REQUIREMENT: Return, without anything added, the lines from the one containing "My Hero Academia: il" through the end of the entries below, exactly as written.
-------- THE DATA --------
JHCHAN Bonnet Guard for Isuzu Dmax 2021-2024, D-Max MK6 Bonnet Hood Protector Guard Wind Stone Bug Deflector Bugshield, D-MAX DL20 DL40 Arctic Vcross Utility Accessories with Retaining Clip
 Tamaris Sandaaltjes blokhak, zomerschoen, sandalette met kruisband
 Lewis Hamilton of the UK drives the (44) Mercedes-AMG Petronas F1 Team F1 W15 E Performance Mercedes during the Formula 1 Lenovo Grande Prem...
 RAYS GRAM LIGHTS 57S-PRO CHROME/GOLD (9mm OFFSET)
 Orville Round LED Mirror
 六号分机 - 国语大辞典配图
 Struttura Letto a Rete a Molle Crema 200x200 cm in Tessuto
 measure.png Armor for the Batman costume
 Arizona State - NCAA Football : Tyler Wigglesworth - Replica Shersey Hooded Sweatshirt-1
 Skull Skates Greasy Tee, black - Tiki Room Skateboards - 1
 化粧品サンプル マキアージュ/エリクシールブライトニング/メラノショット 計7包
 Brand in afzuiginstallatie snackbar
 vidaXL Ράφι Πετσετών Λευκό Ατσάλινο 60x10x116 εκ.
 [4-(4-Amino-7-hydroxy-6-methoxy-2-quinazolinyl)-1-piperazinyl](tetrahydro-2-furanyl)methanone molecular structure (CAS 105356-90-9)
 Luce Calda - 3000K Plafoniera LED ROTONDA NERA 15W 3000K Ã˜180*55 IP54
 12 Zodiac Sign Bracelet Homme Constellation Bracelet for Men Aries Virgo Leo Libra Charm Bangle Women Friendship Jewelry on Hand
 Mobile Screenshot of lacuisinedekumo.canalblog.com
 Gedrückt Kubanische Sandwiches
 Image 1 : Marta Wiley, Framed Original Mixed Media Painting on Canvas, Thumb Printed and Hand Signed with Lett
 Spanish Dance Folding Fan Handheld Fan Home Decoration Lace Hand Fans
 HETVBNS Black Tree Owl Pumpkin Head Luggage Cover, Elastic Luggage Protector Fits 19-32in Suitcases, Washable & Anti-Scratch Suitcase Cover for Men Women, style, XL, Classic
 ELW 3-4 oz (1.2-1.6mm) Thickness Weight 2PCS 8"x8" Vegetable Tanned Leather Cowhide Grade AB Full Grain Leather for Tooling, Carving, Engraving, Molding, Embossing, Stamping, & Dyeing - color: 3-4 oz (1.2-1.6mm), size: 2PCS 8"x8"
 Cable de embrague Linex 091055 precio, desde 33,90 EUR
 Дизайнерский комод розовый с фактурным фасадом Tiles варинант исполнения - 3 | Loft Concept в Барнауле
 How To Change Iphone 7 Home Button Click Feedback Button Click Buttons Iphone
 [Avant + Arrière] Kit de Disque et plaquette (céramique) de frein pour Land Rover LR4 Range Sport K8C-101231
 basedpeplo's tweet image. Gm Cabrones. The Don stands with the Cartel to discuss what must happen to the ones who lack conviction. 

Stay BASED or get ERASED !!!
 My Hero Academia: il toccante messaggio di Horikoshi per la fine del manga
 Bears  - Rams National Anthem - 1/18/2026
--------
OUTPUT BELOW:
 My Hero Academia: il toccante messaggio di Horikoshi per la fine del manga
 Bears  - Rams National Anthem - 1/18/2026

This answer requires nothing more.